A selection of rambling thoughts, I hope some were useful.
Tl;dr – Without the affective component he wants to reserve for ‘affective’ empathy, Baron Cohen’s ‘cognitive’ empathy isn’t really empathy at all. We fail, unfortunately, to get the distinction necessary to tie up the sentimentalist ethics in the way you hoped.
Al:
“The meaning of intentional behavior can be grasped only if we know bodily, experientially or both what it is like to be in a mental state.”
I think cognitive empathy fits into the category of oxymoron, like constructive criticism, since significant entities are being conflated (cognition, affect), which translates for me into the difference between sympathy (not genuine/mind-reading of affect) versus empathy (genuine/heart-reading of affect).
Awesome response and hope you continue to register your expertise here.
Thanks Wayne. I’ll continue to butt in wherever I feel able.
Interestingly I take pretty much precisely the opposite view to yours – empathy proper is in my view irreducibly cognitive.

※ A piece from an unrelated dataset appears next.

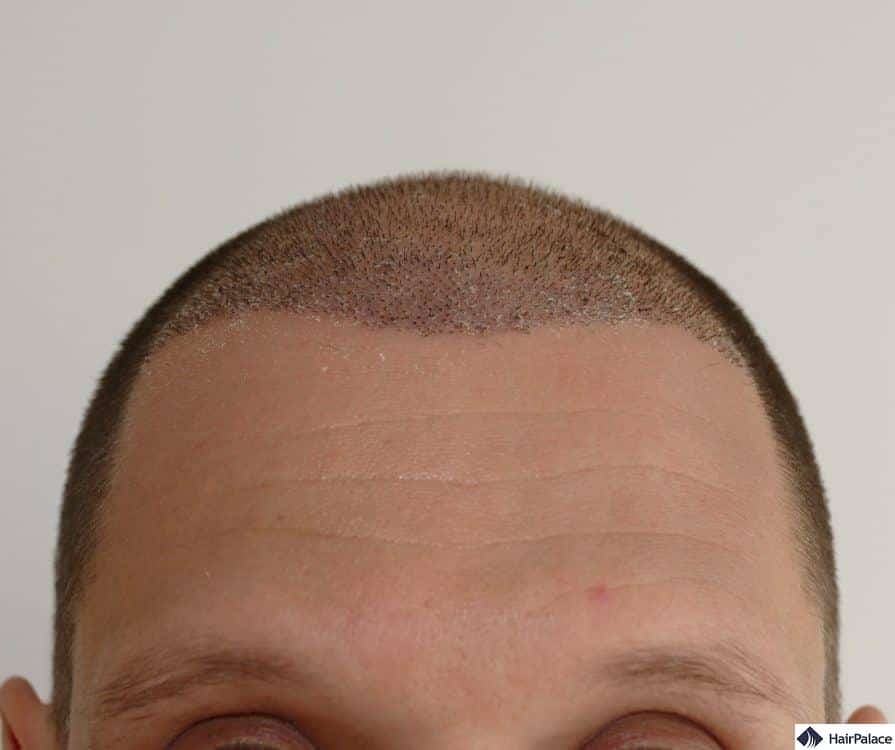 Jessy's implanted area a week after the hair transplant with some scabs visible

The word ‘know’ in your short quote nicely captures the reasons why I think so. While automatic mirroring systems (of the kind Rizzolatti et al. are interested in) certainly do provide us with the bodily *experience* of what it is like to be in a (mental) state, they don’t seem to offer anything to connect that experience with the experience of another person. In order to ‘know’ what it is like, such that we can say that we know what it is like to be another person, it seems to me that we have to cognise our experience somehow.
I’m not sure that I grasp your version of the sympathy/empathy distinction. I generally think of sympathy as (very roughly) feeling-for someone and empathy as feeling-with (or feeling-as) them. So if Mark is sad and I feel pity, I am sympathising, but if Mark is feeling jealous and I feel his jealousy, I am empathising. You seemed to be suggesting something different though…
Al–
Initial responses to your assertion “empathy proper is in my view irreducibly cognitive.”

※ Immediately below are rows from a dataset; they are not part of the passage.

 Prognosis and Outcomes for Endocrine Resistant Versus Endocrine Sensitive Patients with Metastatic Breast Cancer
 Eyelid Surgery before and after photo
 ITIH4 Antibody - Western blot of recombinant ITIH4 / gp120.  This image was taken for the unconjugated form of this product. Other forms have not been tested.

Regarding automatic mirroring systems, “they don’t seem to offer anything to connect that experience with the experience of another person,” seems disconnected from the phenomenon of mirrioring itself: For an example of mirroring , ‘if I yawn and you see me, you yawn as well’, that provides as direct an experience of another person as needed.

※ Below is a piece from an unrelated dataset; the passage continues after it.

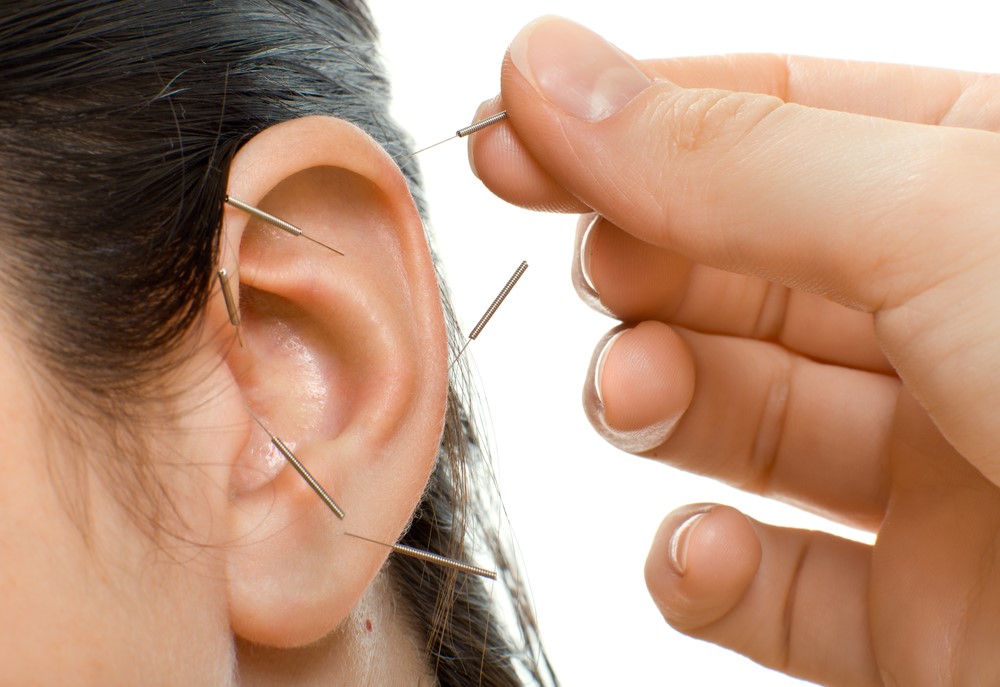 Auricular acupuncture long needles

Where you say,”cognitive empathy’ involves imaginatively taking on the characteristics of another person,” I like the inclusion of “imaginative” here because it gets beyond the mere cognitive as Kant indicated, and is further elaborated by another of your statements:
“imagine having someone else’s feelings (in the right sense) involves having those feelings, or something like them (can you imagine the experience of being sad without feeling some sadness? Or put the point a bit differently, could you imagine the experience of being sad without having ever been sad?). ”
“Without the affective component he wants to reserve for ‘affective’ empathy, Baron Cohen’s ‘cognitive’ empathy isn’t really empathy at all.” So the affective component of empathy is significant, which I usually differentiate from cognitive.
So as a cognitivist, it seems like you have integrated the affective as well?